== Given records
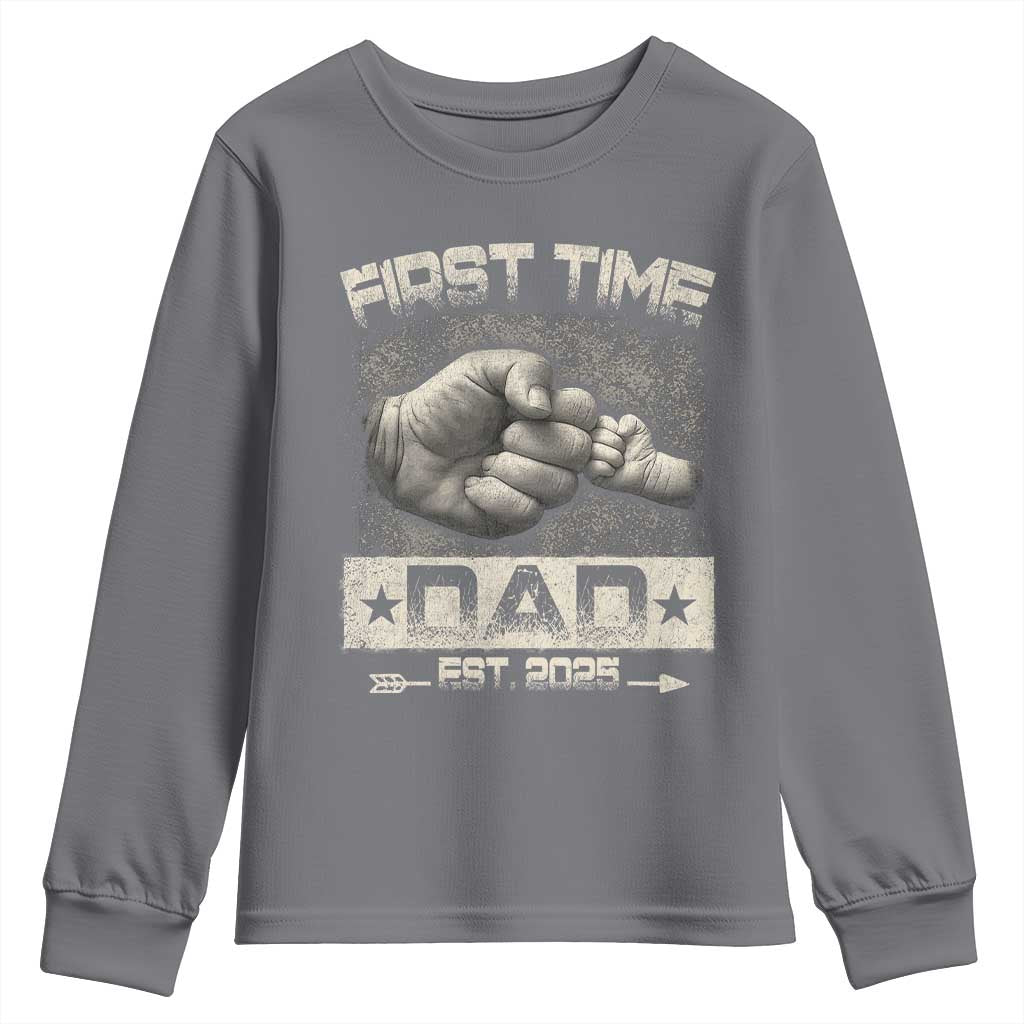 First Time Dad Est 2025 Youth Sweatshirt TS09 Charcoal Print Your Wear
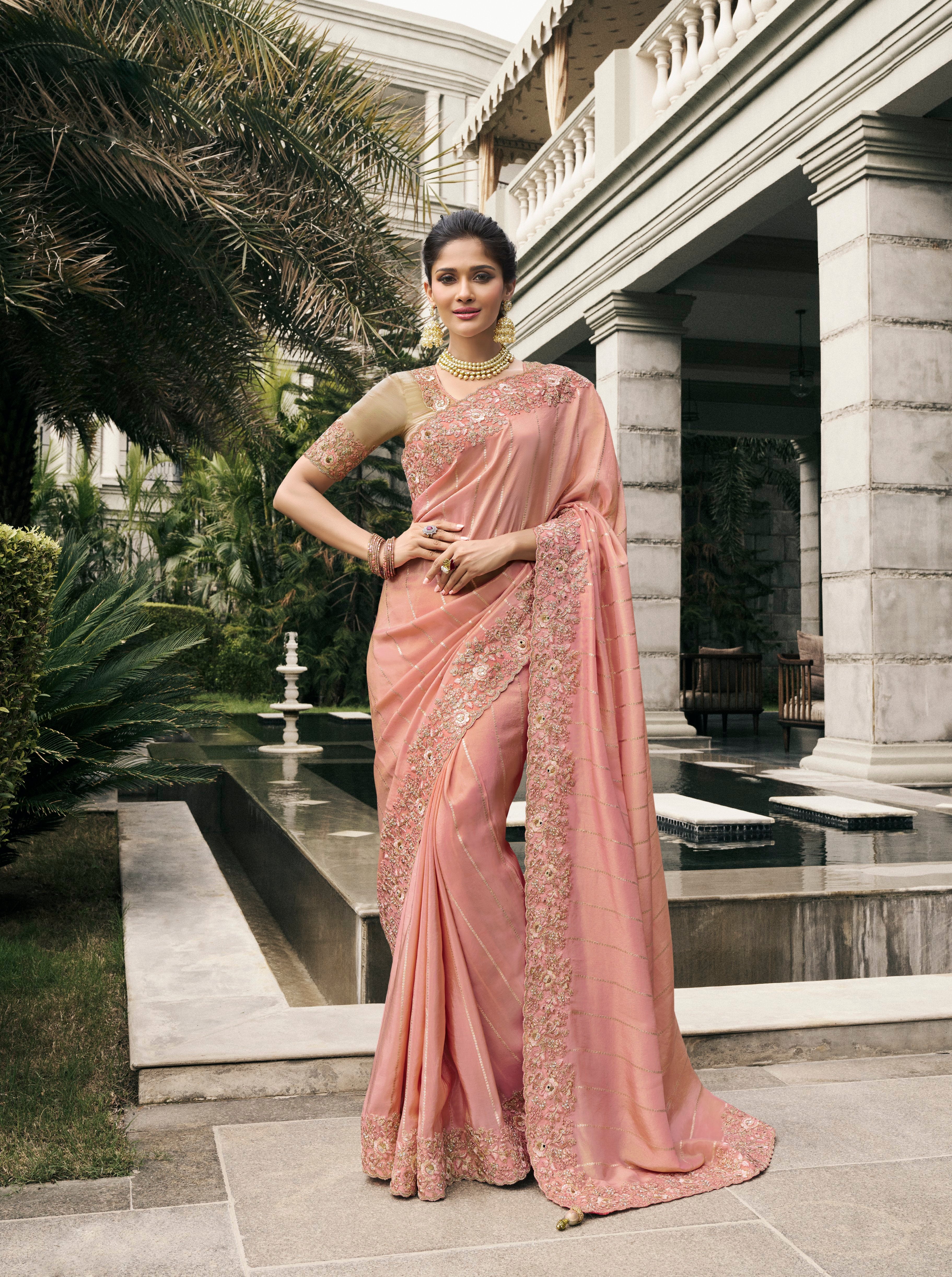 Peach Tissue Silk Zari Weaving Work Saree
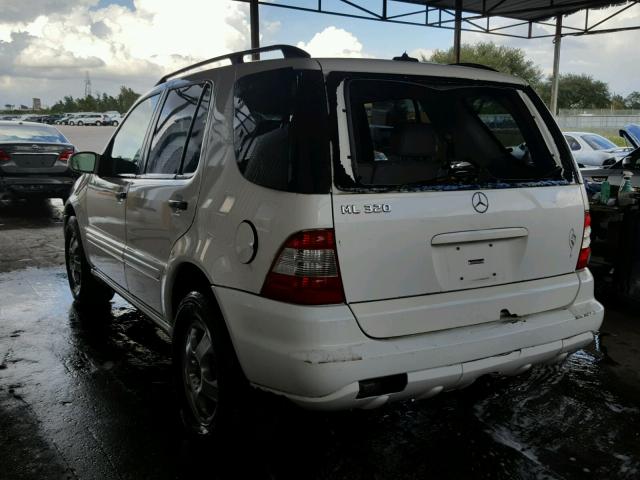 4JGAB54EX3A398068 - 2003 MERCEDES-BENZ ML 320 WHITE photo 3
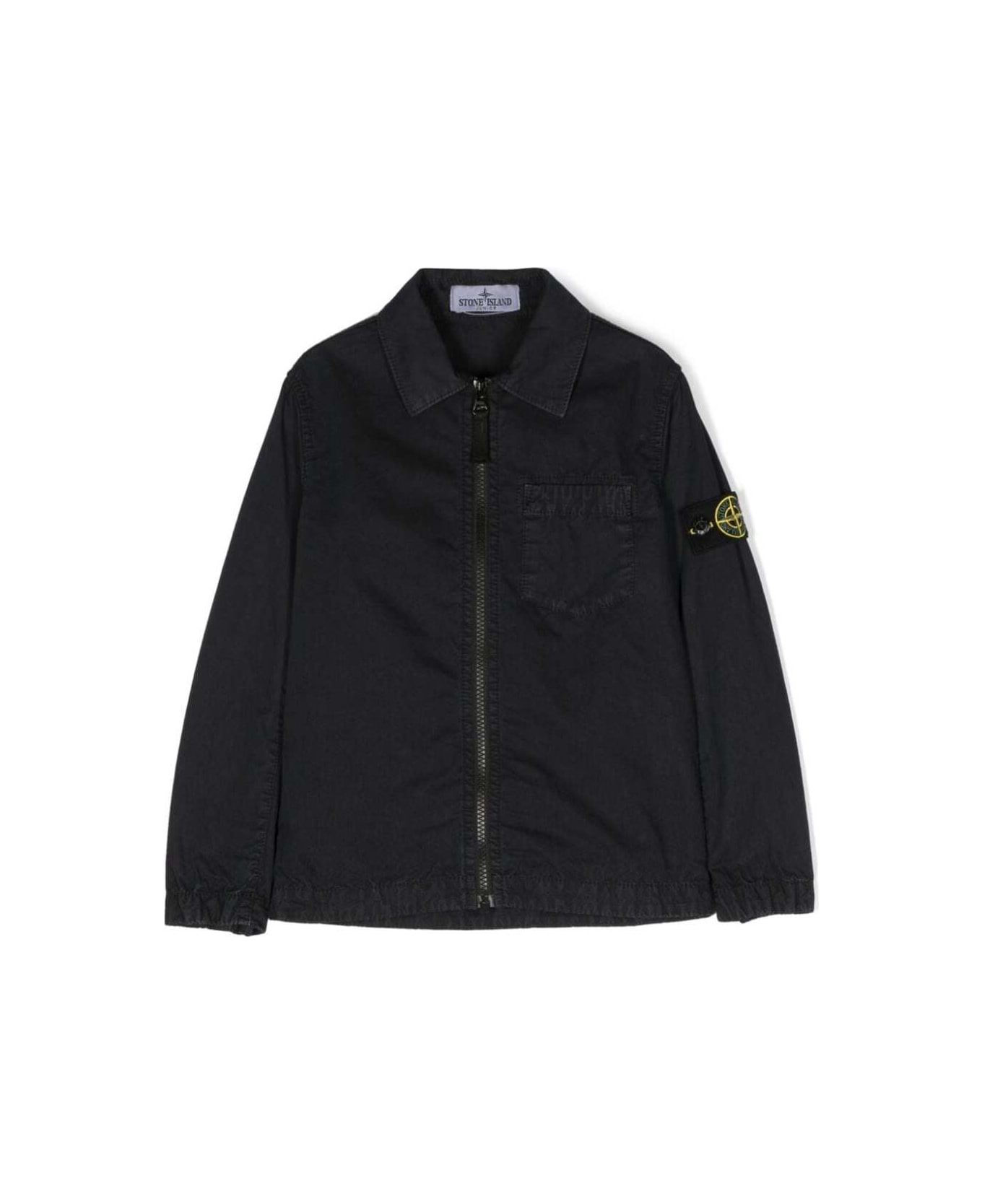 Stone Island Junior Blue Overshirt With Zip And Logo Patch In Cotton Boy - Blu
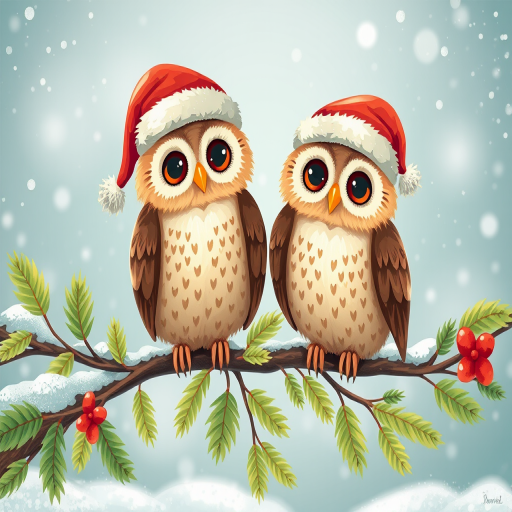 Create a whimsical illustration of two owls wearing festive hats, perched on a branch with winter foliage and a snowy background, shot with a DSLR camera at f/4 aperture, 50mm lens, with soft focus and high saturation for vibrant colors.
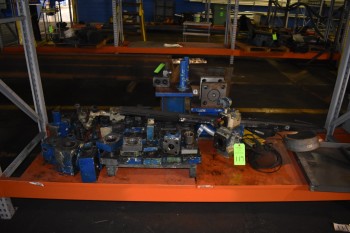 Lot of Misc. Hydraulic Parts, Steel Tote, (2) Metal Bins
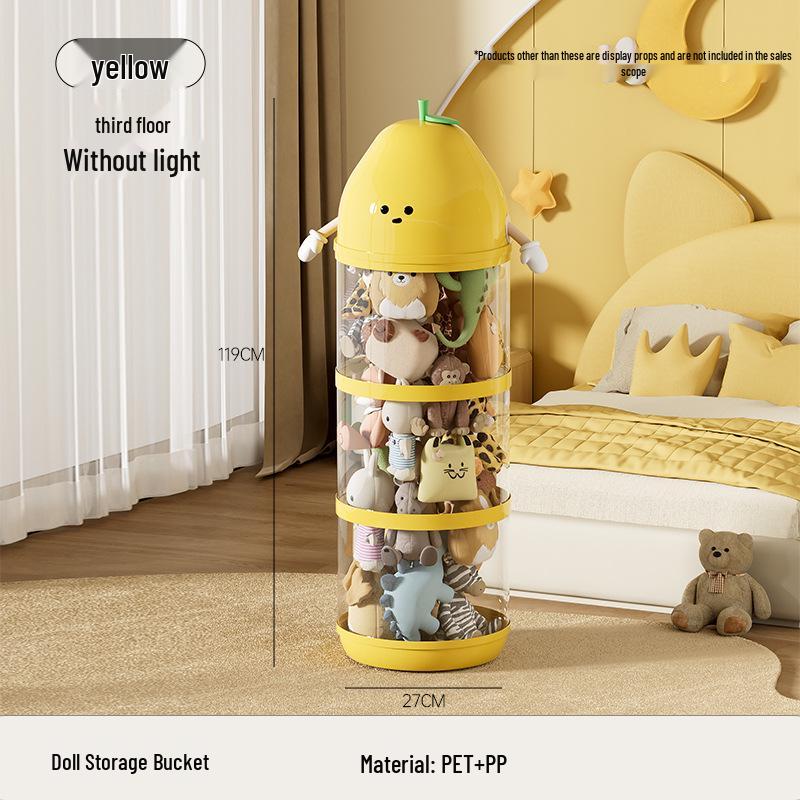 Uforu Transparent Doll Storage Bucket - Large Plush Toy Organizer for Kids
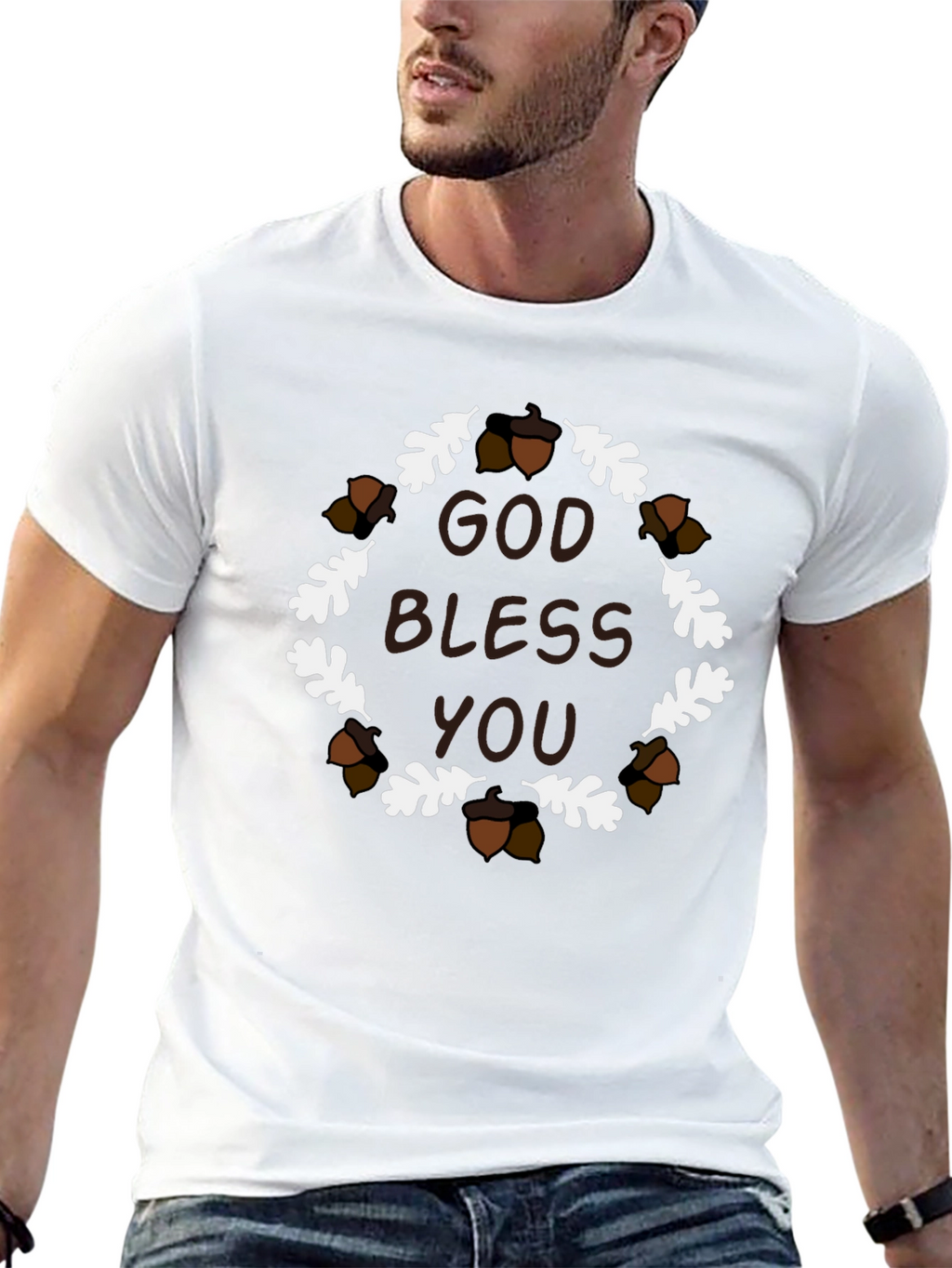 God Bless You Acorn Wreath T-Shirt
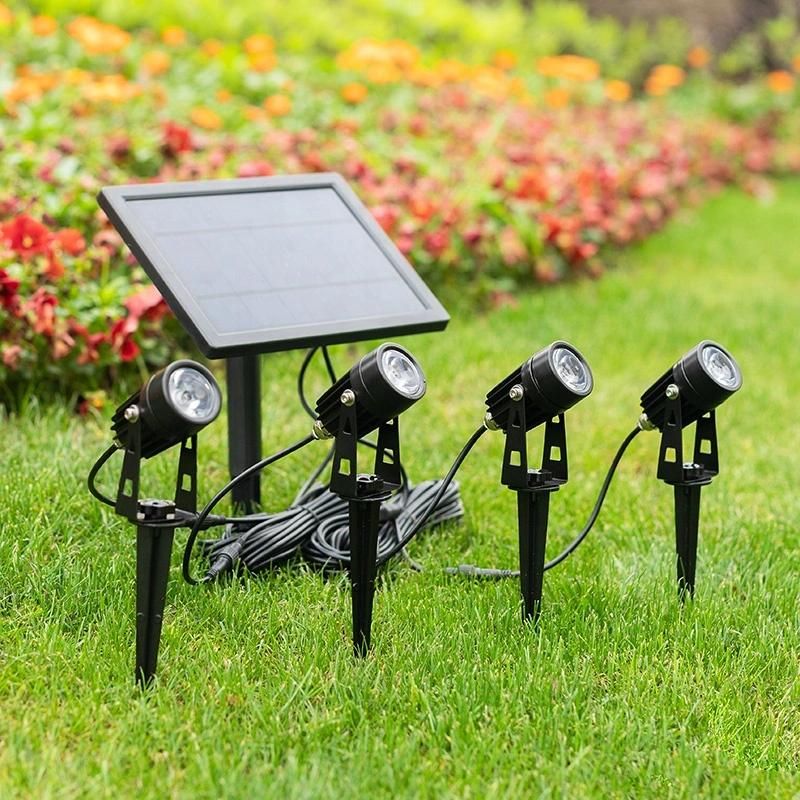 LED Solar Spotlights 2W Solar Powered Landscape Lights Outdoor Spotlights Low Voltage IP65 Waterproof 16.4FT Cable Auto on/off for Outdoor Garden Yard Landscape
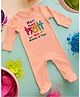 FFlirtygo Holi Theme Cotton Full Sleeves Meri Pehli Holi With Mumma Papa Printed Romper-Peach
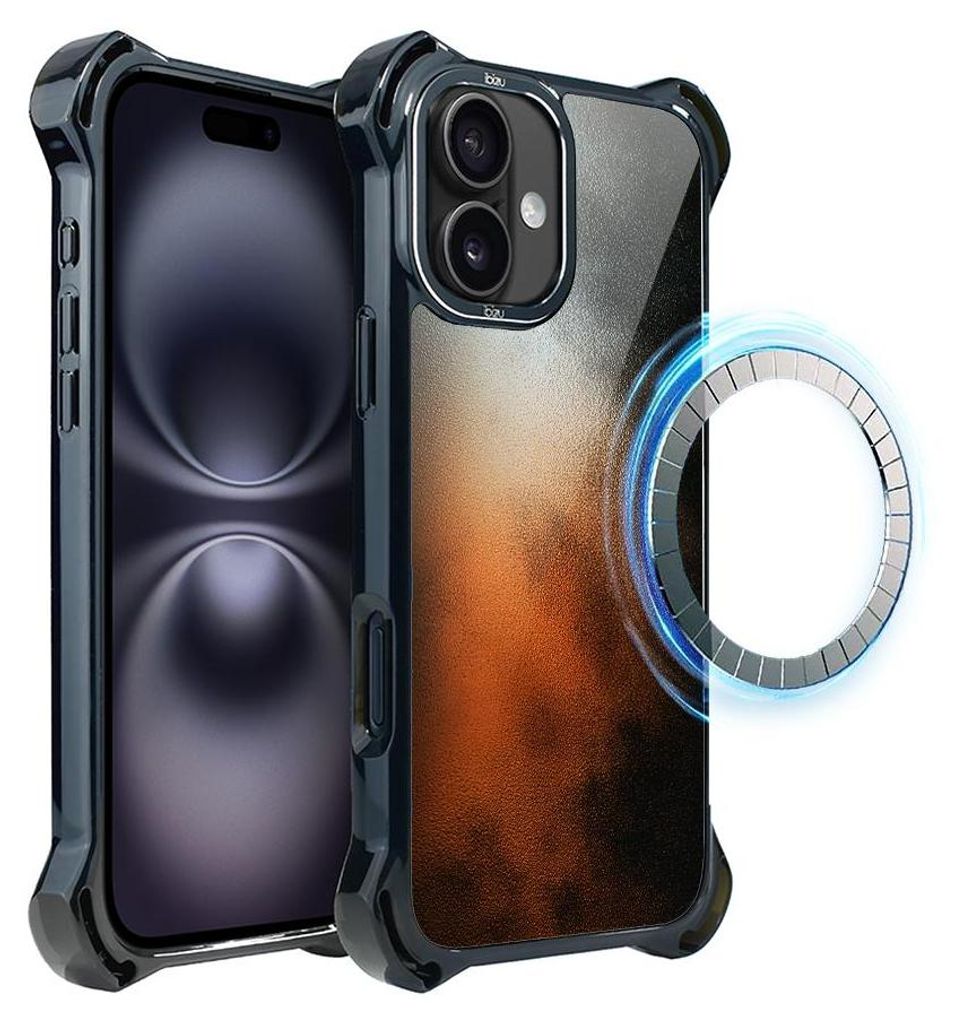 Schutzhülle für das iPhone 16 Plus, MagSafe-kompatibel, verstärkte Ecken, schwarz, Feuer und Rauch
====
Reproduce the whole listing word for word, setting aside any pictures.

Solution
 First Time Dad Est 2025 Youth Sweatshirt TS09 Charcoal Print Your Wear
 Peach Tissue Silk Zari Weaving Work Saree
 4JGAB54EX3A398068 - 2003 MERCEDES-BENZ ML 320 WHITE photo 3
 Stone Island Junior Blue Overshirt With Zip And Logo Patch In Cotton Boy - Blu
 Create a whimsical illustration of two owls wearing festive hats, perched on a branch with winter foliage and a snowy background, shot with a DSLR camera at f/4 aperture, 50mm lens, with soft focus and high saturation for vibrant colors.
 Lot of Misc. Hydraulic Parts, Steel Tote, (2) Metal Bins
 Uforu Transparent Doll Storage Bucket - Large Plush Toy Organizer for Kids
 God Bless You Acorn Wreath T-Shirt
 LED Solar Spotlights 2W Solar Powered Landscape Lights Outdoor Spotlights Low Voltage IP65 Waterproof 16.4FT Cable Auto on/off for Outdoor Garden Yard Landscape
 FFlirtygo Holi Theme Cotton Full Sleeves Meri Pehli Holi With Mumma Papa Printed Romper-Peach
 Schutzhülle für das iPhone 16 Plus, MagSafe-kompatibel, verstärkte Ecken, schwarz, Feuer und Rauch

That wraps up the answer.